(Short text fragments from websites)
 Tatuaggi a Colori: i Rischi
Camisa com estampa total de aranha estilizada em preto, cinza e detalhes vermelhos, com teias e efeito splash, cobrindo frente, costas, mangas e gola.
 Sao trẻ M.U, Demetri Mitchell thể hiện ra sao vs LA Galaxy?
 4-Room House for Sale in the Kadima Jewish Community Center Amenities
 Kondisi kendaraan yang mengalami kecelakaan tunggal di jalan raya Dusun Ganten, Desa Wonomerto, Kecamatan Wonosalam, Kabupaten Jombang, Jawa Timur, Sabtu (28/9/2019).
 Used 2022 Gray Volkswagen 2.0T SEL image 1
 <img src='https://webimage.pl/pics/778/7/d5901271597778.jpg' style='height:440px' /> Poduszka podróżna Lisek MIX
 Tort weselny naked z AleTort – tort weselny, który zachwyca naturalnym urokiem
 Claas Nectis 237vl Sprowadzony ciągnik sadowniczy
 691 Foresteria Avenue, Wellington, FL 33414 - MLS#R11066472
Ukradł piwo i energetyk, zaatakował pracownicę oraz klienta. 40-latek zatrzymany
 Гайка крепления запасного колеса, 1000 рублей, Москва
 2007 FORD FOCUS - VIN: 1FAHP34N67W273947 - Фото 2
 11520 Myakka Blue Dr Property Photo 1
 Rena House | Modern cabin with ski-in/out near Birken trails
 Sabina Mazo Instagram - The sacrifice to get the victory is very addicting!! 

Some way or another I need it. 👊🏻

▸ **REQUIRED ACTION**:
The records above must be written out again exactly.

▸ **ANSWER TO THIS PROBLEM**:
 Tatuaggi a Colori: i Rischi
Camisa com estampa total de aranha estilizada em preto, cinza e detalhes vermelhos, com teias e efeito splash, cobrindo frente, costas, mangas e gola.
 Sao trẻ M.U, Demetri Mitchell thể hiện ra sao vs LA Galaxy?
 4-Room House for Sale in the Kadima Jewish Community Center Amenities
 Kondisi kendaraan yang mengalami kecelakaan tunggal di jalan raya Dusun Ganten, Desa Wonomerto, Kecamatan Wonosalam, Kabupaten Jombang, Jawa Timur, Sabtu (28/9/2019).
 Used 2022 Gray Volkswagen 2.0T SEL image 1
 <img src='https://webimage.pl/pics/778/7/d5901271597778.jpg' style='height:440px' /> Poduszka podróżna Lisek MIX
 Tort weselny naked z AleTort – tort weselny, który zachwyca naturalnym urokiem
 Claas Nectis 237vl Sprowadzony ciągnik sadowniczy
 691 Foresteria Avenue, Wellington, FL 33414 - MLS#R11066472
Ukradł piwo i energetyk, zaatakował pracownicę oraz klienta. 40-latek zatrzymany
 Гайка крепления запасного колеса, 1000 рублей, Москва
 2007 FORD FOCUS - VIN: 1FAHP34N67W273947 - Фото 2
 11520 Myakka Blue Dr Property Photo 1
 Rena House | Modern cabin with ski-in/out near Birken trails
 Sabina Mazo Instagram - The sacrifice to get the victory is very addicting!! 

Some way or another I need it. 👊🏻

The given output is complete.